• **Task**
All of the listing is to be written out word for word, with the pictures left out.

• **Supplied information**
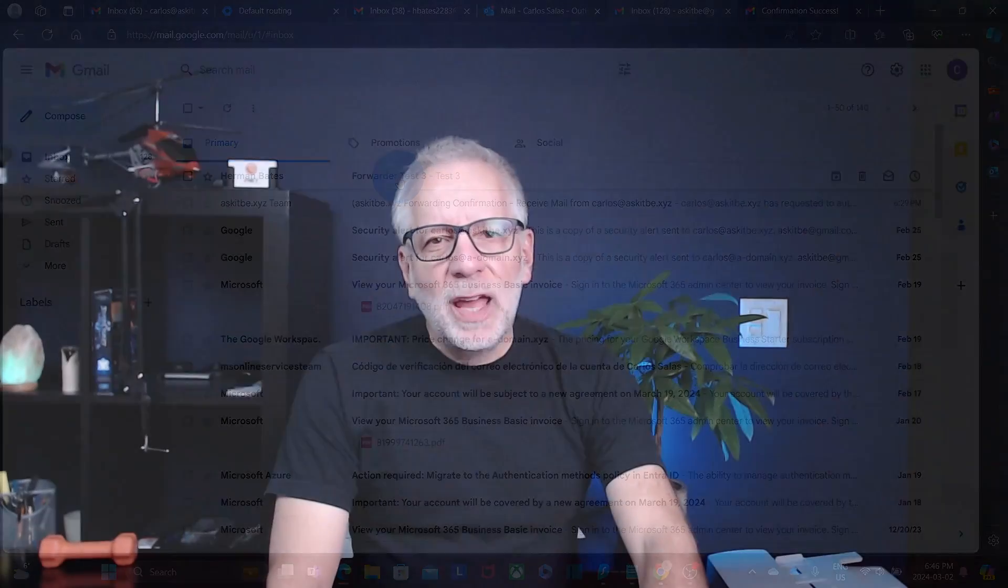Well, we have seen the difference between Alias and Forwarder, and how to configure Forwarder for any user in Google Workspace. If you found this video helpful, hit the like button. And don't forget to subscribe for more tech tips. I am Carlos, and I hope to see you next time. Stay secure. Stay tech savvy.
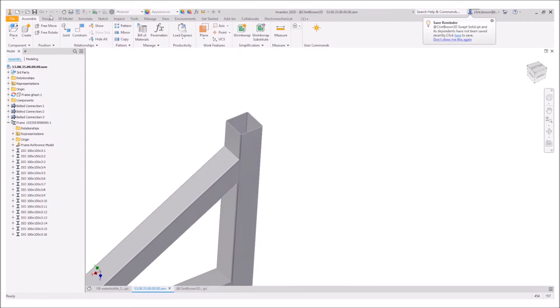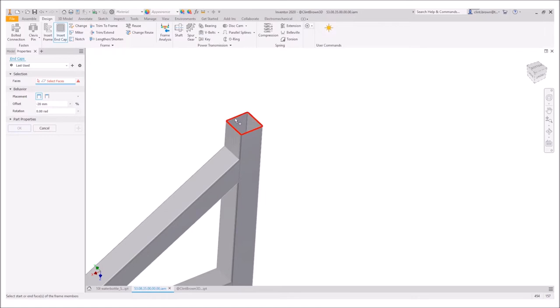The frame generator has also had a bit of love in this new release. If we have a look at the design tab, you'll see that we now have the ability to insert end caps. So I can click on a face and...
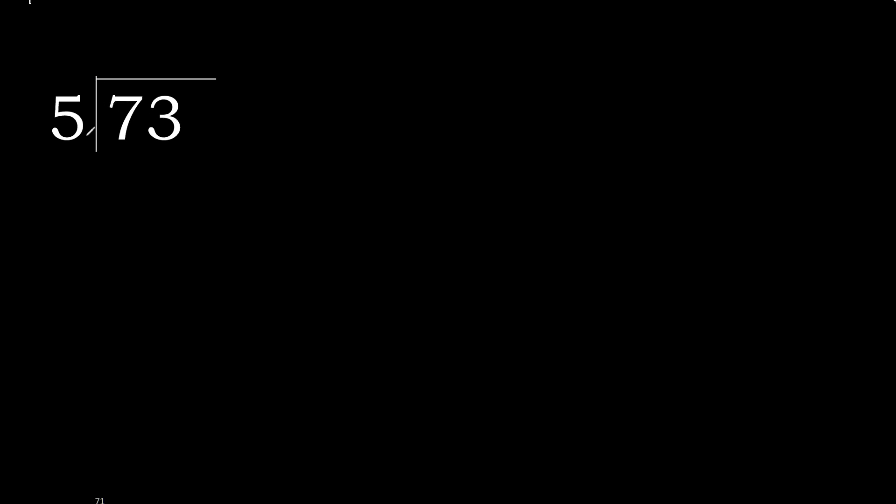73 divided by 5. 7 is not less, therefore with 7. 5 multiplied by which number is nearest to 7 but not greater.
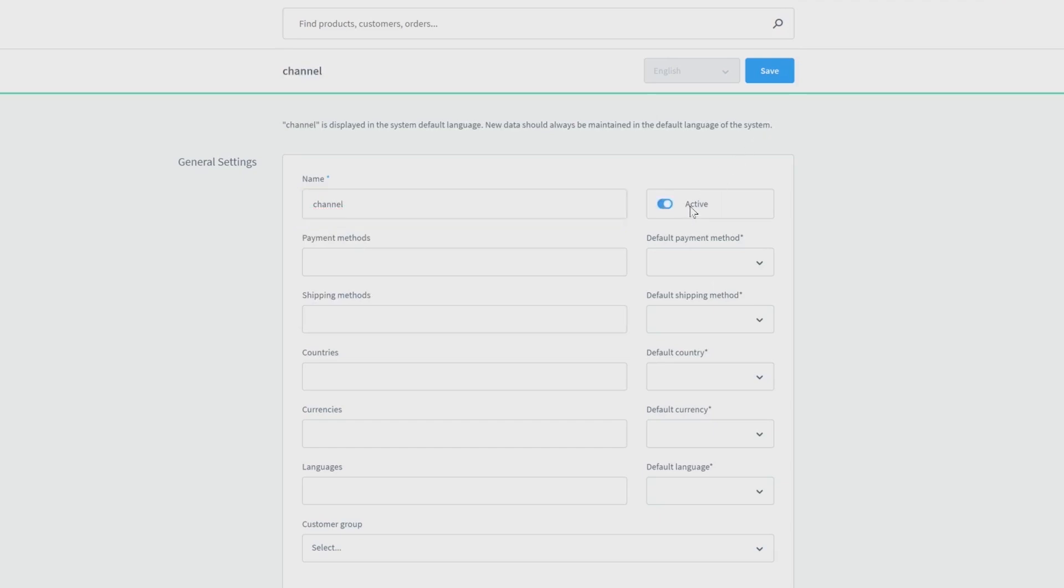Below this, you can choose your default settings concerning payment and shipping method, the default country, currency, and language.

• **Answer for this exercise**
Well, we have seen the difference between Alias and Forwarder, and how to configure Forwarder for any user in Google Workspace. If you found this video helpful, hit the like button. And don't forget to subscribe for more tech tips. I am Carlos, and I hope to see you next time. Stay secure. Stay tech savvy.
The frame generator has also had a bit of love in this new release. If we have a look at the design tab, you'll see that we now have the ability to insert end caps. So I can click on a face and...
73 divided by 5. 7 is not less, therefore with 7. 5 multiplied by which number is nearest to 7 but not greater.
Below this, you can choose your default settings concerning payment and shipping method, the default country, currency, and language.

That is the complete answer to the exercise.